• Exercise details: From the line with "Женские шапки Skullies, вязаное" to the line with "Tela para agendar uma aplicação", retype every line exactly, including those two, and leave out the rest of the data below.

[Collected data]
•••••
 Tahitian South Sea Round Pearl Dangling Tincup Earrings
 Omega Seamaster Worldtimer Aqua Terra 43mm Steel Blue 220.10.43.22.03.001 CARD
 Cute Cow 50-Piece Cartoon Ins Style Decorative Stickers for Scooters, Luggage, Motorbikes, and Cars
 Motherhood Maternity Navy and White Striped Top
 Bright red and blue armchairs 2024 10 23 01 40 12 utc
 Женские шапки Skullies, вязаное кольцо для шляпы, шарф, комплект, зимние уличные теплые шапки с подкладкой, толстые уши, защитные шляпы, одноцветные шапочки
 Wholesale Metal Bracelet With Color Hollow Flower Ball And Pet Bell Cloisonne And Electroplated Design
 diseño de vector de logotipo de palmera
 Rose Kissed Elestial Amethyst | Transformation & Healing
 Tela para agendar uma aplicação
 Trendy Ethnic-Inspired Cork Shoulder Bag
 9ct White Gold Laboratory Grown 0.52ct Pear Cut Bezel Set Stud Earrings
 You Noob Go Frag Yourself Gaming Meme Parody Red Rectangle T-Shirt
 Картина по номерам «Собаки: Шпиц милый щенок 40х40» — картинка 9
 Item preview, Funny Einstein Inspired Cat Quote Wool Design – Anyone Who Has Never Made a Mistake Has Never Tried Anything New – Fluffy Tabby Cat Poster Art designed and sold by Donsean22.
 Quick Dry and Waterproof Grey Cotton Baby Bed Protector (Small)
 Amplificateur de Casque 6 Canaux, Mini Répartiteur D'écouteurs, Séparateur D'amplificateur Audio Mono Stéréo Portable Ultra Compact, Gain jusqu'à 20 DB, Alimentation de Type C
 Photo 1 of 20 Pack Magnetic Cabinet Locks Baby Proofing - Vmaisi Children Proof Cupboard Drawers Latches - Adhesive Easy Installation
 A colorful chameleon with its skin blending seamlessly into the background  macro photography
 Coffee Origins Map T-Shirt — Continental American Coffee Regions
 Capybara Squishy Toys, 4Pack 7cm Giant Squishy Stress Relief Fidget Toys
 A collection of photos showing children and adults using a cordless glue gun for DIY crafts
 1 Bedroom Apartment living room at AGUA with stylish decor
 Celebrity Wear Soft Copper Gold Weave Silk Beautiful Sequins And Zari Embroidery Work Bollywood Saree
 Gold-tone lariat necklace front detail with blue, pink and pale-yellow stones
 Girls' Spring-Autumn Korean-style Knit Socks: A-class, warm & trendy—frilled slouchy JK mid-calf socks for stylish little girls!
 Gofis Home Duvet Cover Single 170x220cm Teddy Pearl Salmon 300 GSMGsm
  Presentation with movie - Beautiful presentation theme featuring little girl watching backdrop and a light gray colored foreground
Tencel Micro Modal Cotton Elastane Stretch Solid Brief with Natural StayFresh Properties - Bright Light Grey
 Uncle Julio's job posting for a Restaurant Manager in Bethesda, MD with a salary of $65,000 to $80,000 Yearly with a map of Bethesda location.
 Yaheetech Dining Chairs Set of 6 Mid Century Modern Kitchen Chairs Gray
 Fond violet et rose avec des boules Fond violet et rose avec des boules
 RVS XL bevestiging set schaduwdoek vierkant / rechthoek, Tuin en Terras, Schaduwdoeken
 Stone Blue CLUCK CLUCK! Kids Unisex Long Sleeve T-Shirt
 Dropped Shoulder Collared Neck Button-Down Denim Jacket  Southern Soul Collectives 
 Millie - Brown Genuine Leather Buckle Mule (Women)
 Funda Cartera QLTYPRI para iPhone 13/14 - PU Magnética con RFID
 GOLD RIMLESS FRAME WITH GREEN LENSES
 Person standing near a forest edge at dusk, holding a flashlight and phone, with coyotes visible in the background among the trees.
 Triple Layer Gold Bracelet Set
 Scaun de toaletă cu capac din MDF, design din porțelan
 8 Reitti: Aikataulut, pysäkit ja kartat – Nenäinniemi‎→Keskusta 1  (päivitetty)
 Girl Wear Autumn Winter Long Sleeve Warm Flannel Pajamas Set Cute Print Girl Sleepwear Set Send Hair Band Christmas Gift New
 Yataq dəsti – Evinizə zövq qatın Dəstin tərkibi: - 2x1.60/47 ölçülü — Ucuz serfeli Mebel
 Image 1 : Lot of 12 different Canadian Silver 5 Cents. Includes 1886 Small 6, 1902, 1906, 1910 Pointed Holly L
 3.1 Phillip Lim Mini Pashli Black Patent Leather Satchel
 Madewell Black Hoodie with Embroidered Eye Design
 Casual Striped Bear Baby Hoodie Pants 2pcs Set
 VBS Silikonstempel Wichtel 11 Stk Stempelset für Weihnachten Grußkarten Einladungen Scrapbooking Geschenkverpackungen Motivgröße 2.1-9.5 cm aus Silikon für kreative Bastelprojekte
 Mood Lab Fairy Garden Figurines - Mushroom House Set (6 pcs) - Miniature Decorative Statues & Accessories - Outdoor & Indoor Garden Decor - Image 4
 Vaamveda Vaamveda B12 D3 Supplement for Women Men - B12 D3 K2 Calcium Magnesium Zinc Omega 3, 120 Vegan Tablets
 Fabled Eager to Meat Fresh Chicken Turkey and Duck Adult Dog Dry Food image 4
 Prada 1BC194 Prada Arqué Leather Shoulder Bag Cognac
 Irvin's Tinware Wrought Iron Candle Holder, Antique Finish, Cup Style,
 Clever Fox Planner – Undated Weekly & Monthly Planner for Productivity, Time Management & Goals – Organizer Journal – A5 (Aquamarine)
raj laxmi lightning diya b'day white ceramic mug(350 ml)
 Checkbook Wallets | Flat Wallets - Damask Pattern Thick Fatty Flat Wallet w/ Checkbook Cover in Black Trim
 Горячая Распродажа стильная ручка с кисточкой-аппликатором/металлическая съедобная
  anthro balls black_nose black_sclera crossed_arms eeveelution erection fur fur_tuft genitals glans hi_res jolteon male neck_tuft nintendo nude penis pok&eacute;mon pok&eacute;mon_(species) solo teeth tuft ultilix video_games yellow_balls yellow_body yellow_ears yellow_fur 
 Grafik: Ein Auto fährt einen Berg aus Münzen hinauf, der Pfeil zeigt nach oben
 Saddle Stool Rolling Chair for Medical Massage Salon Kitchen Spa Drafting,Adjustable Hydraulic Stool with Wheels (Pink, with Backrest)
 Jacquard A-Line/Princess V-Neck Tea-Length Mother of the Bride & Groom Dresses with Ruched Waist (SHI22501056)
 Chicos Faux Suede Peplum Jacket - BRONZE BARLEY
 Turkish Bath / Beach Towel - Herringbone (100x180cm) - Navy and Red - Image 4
•••••
• Answer below:
 Женские шапки Skullies, вязаное кольцо для шляпы, шарф, комплект, зимние уличные теплые шапки с подкладкой, толстые уши, защитные шляпы, одноцветные шапочки
 Wholesale Metal Bracelet With Color Hollow Flower Ball And Pet Bell Cloisonne And Electroplated Design
 diseño de vector de logotipo de palmera
 Rose Kissed Elestial Amethyst | Transformation & Healing
 Tela para agendar uma aplicação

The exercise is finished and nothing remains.